● Directions for this task: Consider the listing below. Extract exactly the lines from the line containing "Изображение особи Vicia palaestina." to the line containing "崇明东滩保护区科普教育基地标本馆.", both included.

● Records:
-------
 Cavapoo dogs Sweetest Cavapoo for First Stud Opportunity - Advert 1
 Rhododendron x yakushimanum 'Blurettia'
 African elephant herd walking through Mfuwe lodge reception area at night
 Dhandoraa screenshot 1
-------
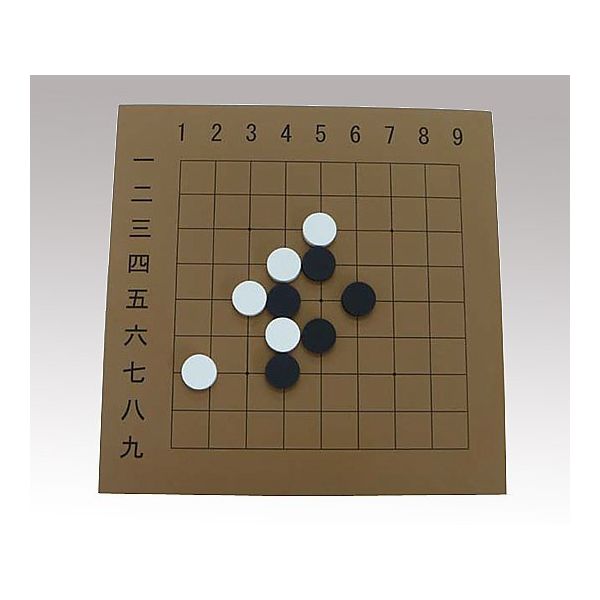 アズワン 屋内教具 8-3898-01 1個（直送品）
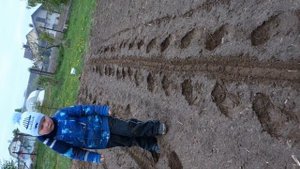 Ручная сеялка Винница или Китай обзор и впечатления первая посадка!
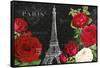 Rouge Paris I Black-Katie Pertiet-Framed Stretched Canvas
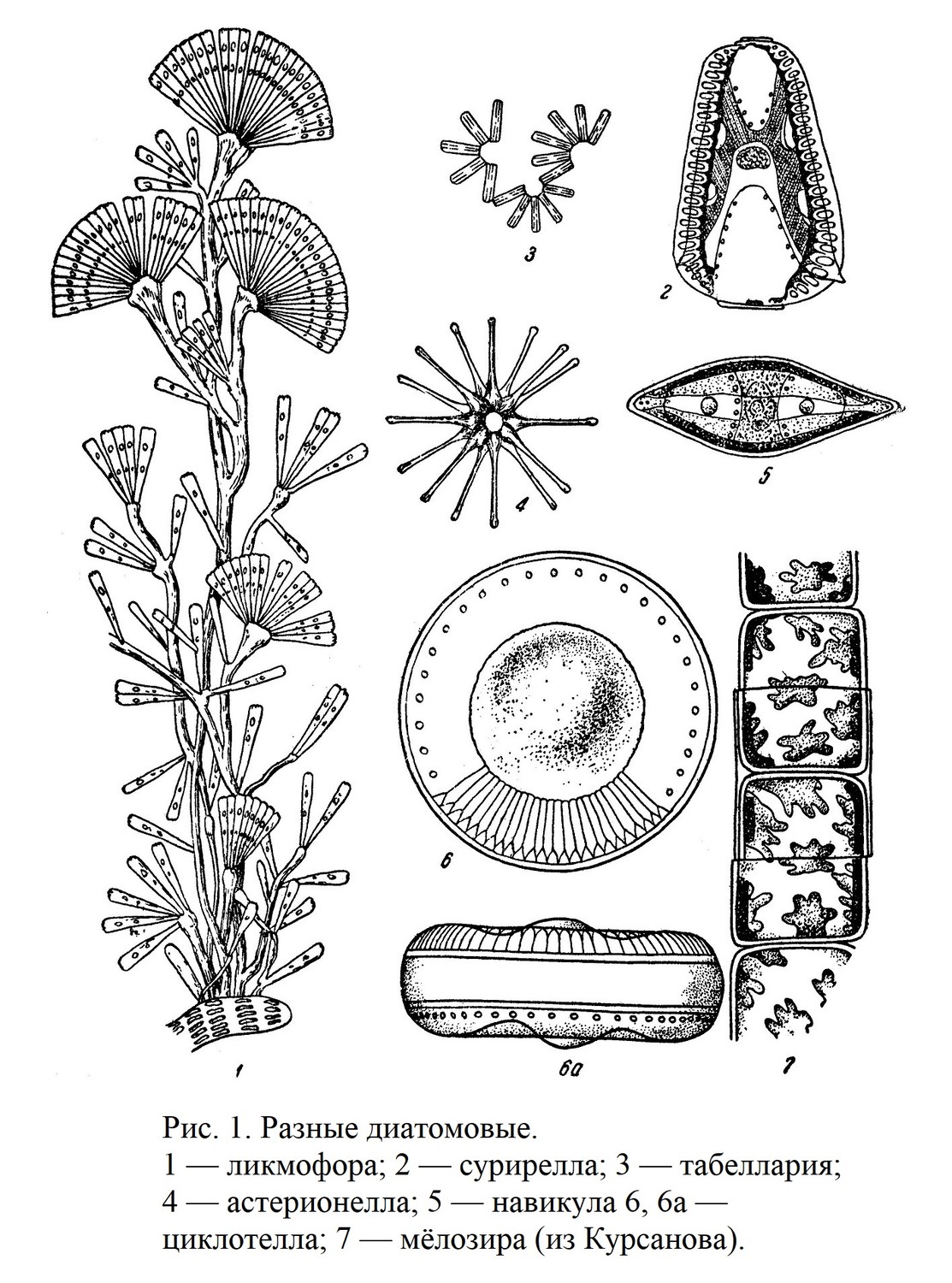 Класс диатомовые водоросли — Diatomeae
-------
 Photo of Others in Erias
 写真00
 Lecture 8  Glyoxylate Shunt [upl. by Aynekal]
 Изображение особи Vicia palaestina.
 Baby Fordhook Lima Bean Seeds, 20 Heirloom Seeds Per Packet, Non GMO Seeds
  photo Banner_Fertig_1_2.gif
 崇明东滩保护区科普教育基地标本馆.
-------
● Solution for this exercise:
 Изображение особи Vicia palaestina.
 Baby Fordhook Lima Bean Seeds, 20 Heirloom Seeds Per Packet, Non GMO Seeds
  photo Banner_Fertig_1_2.gif
 崇明东滩保护区科普教育基地标本馆.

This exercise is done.